**Aim of the task:** Return every entry below without altering a word.

**Data listing:**
======

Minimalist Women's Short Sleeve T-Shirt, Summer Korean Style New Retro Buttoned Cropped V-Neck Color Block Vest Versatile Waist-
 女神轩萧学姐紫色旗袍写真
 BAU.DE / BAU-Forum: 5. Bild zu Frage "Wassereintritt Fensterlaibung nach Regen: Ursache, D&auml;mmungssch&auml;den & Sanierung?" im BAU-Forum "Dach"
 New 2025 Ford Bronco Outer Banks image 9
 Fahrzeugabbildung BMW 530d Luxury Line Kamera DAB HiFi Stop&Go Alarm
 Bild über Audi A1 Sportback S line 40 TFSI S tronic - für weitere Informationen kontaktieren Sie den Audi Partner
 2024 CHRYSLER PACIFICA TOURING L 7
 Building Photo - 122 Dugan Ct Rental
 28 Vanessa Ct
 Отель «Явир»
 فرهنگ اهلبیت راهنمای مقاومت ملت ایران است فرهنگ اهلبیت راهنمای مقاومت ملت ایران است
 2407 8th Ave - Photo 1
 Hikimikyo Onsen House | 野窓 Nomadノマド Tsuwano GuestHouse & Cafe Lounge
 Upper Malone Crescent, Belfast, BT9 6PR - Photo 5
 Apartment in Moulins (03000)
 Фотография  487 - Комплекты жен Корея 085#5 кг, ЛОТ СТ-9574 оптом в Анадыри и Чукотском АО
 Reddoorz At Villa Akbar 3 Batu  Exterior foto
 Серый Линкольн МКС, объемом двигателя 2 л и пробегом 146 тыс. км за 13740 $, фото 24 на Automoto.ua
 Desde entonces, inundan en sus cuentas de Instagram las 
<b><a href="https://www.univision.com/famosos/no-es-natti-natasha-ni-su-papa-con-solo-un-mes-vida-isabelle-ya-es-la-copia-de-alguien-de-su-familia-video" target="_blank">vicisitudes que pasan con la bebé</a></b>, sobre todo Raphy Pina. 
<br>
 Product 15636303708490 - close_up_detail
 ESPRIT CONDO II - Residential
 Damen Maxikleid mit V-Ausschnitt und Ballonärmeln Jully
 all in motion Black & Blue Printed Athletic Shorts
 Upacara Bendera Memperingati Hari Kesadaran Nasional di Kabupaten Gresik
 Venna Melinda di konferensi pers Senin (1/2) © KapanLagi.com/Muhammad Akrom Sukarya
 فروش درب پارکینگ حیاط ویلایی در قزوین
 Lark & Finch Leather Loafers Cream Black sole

======

**Completed task:**
Minimalist Women's Short Sleeve T-Shirt, Summer Korean Style New Retro Buttoned Cropped V-Neck Color Block Vest Versatile Waist-
 女神轩萧学姐紫色旗袍写真
 BAU.DE / BAU-Forum: 5. Bild zu Frage "Wassereintritt Fensterlaibung nach Regen: Ursache, D&auml;mmungssch&auml;den & Sanierung?" im BAU-Forum "Dach"
 New 2025 Ford Bronco Outer Banks image 9
 Fahrzeugabbildung BMW 530d Luxury Line Kamera DAB HiFi Stop&Go Alarm
 Bild über Audi A1 Sportback S line 40 TFSI S tronic - für weitere Informationen kontaktieren Sie den Audi Partner
 2024 CHRYSLER PACIFICA TOURING L 7
 Building Photo - 122 Dugan Ct Rental
 28 Vanessa Ct
 Отель «Явир»
 فرهنگ اهلبیت راهنمای مقاومت ملت ایران است فرهنگ اهلبیت راهنمای مقاومت ملت ایران است
 2407 8th Ave - Photo 1
 Hikimikyo Onsen House | 野窓 Nomadノマド Tsuwano GuestHouse & Cafe Lounge
 Upper Malone Crescent, Belfast, BT9 6PR - Photo 5
 Apartment in Moulins (03000)
 Фотография  487 - Комплекты жен Корея 085#5 кг, ЛОТ СТ-9574 оптом в Анадыри и Чукотском АО
 Reddoorz At Villa Akbar 3 Batu  Exterior foto
 Серый Линкольн МКС, объемом двигателя 2 л и пробегом 146 тыс. км за 13740 $, фото 24 на Automoto.ua
 Desde entonces, inundan en sus cuentas de Instagram las 
<b><a href="https://www.univision.com/famosos/no-es-natti-natasha-ni-su-papa-con-solo-un-mes-vida-isabelle-ya-es-la-copia-de-alguien-de-su-familia-video" target="_blank">vicisitudes que pasan con la bebé</a></b>, sobre todo Raphy Pina. 
<br>
 Product 15636303708490 - close_up_detail
 ESPRIT CONDO II - Residential
 Damen Maxikleid mit V-Ausschnitt und Ballonärmeln Jully
 all in motion Black & Blue Printed Athletic Shorts
 Upacara Bendera Memperingati Hari Kesadaran Nasional di Kabupaten Gresik
 Venna Melinda di konferensi pers Senin (1/2) © KapanLagi.com/Muhammad Akrom Sukarya
 فروش درب پارکینگ حیاط ویلایی در قزوین
 Lark & Finch Leather Loafers Cream Black sole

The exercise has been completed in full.